The moving defendants are the primary insurer, Insurance Company of North America ("INA"), and excess insurers, American Re-Insurance Co., certain Underwriters at Lloyds of London and certain London Market Insurance Companies, Commercial Union Insurance Companies, Continental Casualty Co., General Reinsurance Corp., London & Edinburgh Insurance Co., North River Insurance Co., and Employers Insurance of Wausau.
The court has decided that the motions should be granted.
Facts



McIntosh

In the early 1950s Olin opened a chloralkali plant in McIntosh, Alabama where it produced chlorine and caustic soda. During the production process, various waste materials were generated. Some of these wastes were disposed of in on- site ponds and an on-site landfill. Some wastes were also disposed of in a ditch that drained into a nearby river.
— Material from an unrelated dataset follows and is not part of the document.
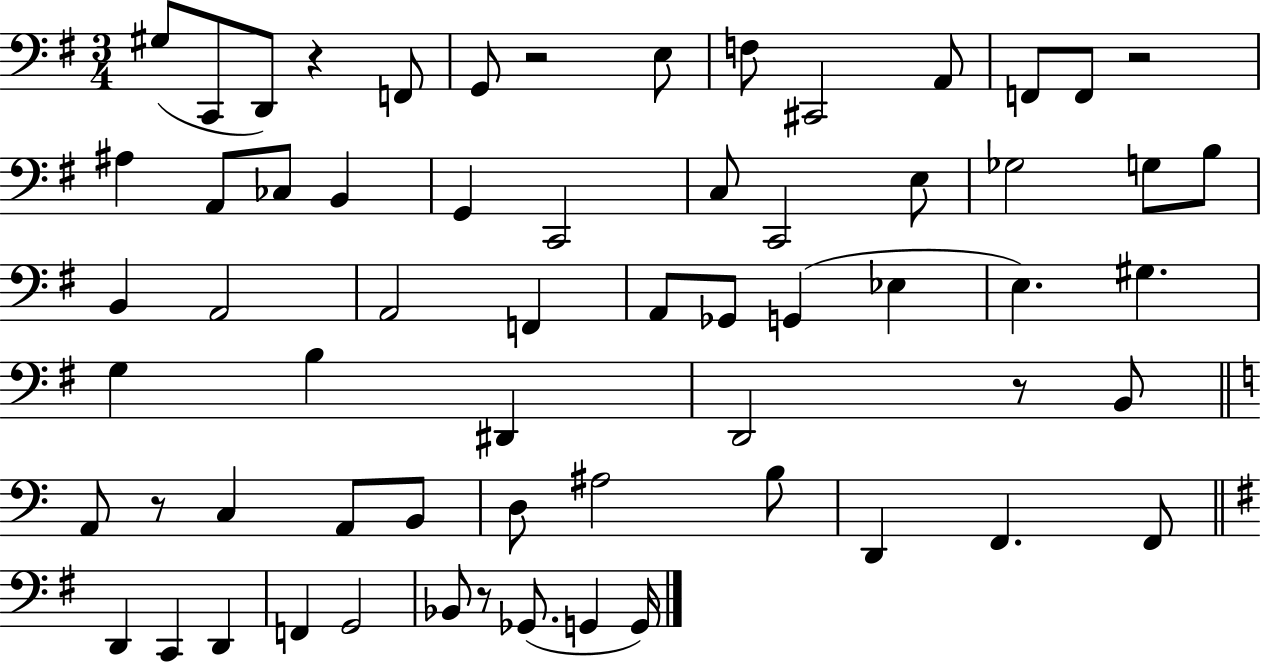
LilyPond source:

In December 1980 Olin initiated a groundwater sampling program at the McIntosh site. By February of 1982 the groundwater sampling program had revealed that a groundwater contamination problem existed at or near the site. In a February 23, 1982 Olin interoffice memorandum to B. Davidoff, Olin's in-house counsel, K.J. O'Leary, Olin's Vice-President of Technology, stated that Olin's Environmental Affairs Department had met with the United States EPA Region IV and the Alabama Water Improvement Commission to review the problem of contamination at the McIntosh site following the findings of groundwater contamination. A plan was described to the agencies to add an additional 10 test wells to identify further the contaminated plume of groundwater that potentially could be contaminated. The memorandum stated that it was Olin's current belief that this might stop the EPA from including the McIntosh site on a potential Superfund list, but a long term problem was identified in that Olin "may have to clean-up the contaminated groundwater by pumping through carbon beds. This could be a multimillion dollar exposure." (emphasis in original).
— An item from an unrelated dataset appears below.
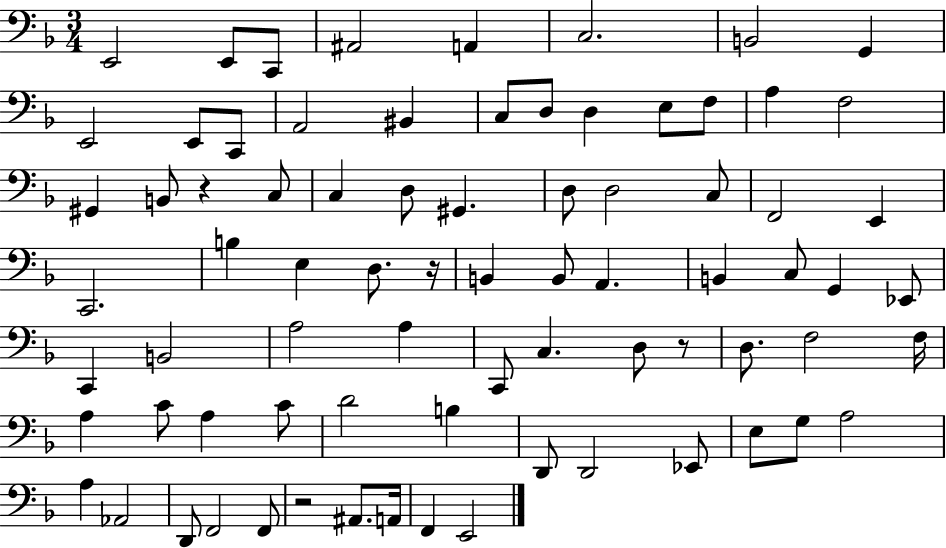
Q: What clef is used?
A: bass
In a memorandum dated March 11, 1982, in-house counsel G.H. Pain discussed the groundwater contamination problem at the McIntosh facility which had come to light the previous month. The memorandum listed the contaminants found in the ground water and described how the chemical manufacturing process caused such contamination. The memorandum analyzed Olin's potential liability under federal environmental statutes--the Comprehensive Environmental Response Compensation and Liability Act ("CERCLA"), the Safe Drinking Water Act ("SDWA"), the Resource Conservation and Recovery Act ("RCRA"), and the Federal Water Pollution Control Act ("FWPCA")--as well as possible liability under state statutes and common law theories. The memorandum spoke of the possibility of the EPA making a remediation order and of the EPA adding the McIntosh site to the Superfund list, the latter being described as "the greatest legal risk." The memorandum expressed the view that Olin might be able to avoid the above if the current testing showed that the results of the contamination were limited-- for instance, if the contamination did not threaten drinking water. But the memorandum made an emphatic presentation of possible liabilities based on the fact that contamination to some degree did exist. A copy of the memorandum was sent to E. McIntosh Cover, Olin's general counsel.
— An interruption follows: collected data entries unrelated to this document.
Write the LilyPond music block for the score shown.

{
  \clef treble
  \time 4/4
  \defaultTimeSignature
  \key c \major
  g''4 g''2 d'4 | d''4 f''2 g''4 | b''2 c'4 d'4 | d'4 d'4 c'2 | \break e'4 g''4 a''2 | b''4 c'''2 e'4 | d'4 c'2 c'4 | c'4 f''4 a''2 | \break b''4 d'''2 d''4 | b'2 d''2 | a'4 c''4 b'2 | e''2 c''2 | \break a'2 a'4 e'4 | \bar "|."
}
As it turned out, Olin submitted a remediation plan to the State of Alabama on September 19, 1983, which was approved by the State on November 2, 1983. This bears out the idea that the risks of liability described in the March 11, 1982 memorandum amounted to a high probability.

On February 15, 1984 Olin, through its broker Johnson & Higgins, provided insurers with a notice of claim relating to the groundwater contamination at the McIntosh site. In the notice Olin estimated that the total clean-up cost of this site would be $1,300,000, of which Olin had incurred $50,000, and Olin also estimated total legal costs would be $100,000, of which none had yet been incurred.

Big D

From 1964 to 1973 Olin and a joint venture partner operated a Toluene Di- Isocyanate plant in Ashtabula County, Ohio. Various hazardous wastes generated at the plant were disposed of at a 10 acre dump site known as the Big D site.

In December 1978 Olin retained a consultant to conduct groundwater and soil tests at the Big D site. In March of 1979 that consultant issued a report that confirmed the presence of groundwater and soil contamination.

On March 13, 1980 the Ohio Environmental Protection Agency contacted Olin to request information regarding the Big D site. In an interoffice memorandum dated June 6, 1980 Barry F. Davidoff, Olin's in-house regulatory affairs assistant counsel, stated that any response to OEPA's inquiries about the Big D site should be promptly forwarded to Olin's Law Department. The memorandum stated that "the request from the State of Ohio may possess extremely serious overtones. Such a request from the State of Ohio is to be regarded as being within the scope of potential or anticipated litigation."

A memorandum dated April 22, 1981 of Michael J. Bellotti, a hydrologist at Olin, stated that all three of the groundwater monitoring wells installed at the Big D site "show some evidence of contamination" and that "known contamination appears to be moving from the landfill southward toward the creek."

At some point the site was added to the Ohio Environmental Protection Agency's Superfund list. An Olin interoffice memorandum dated February 26, 1982 shows that Olin was aware of this.

On December 20, 1982 the federal EPA placed the Big D site on its Proposed Superfund Priorities List. The 419 sites on this list were described by EPA as the "worst cases" of abandoned waste sites in the country. On December 21, 1982 C.L. Knowles, Olin's in-house environmental counsel, notified Olin's chief executive officer, J.M. Henske, and other senior executives at Olin of the federal EPA action.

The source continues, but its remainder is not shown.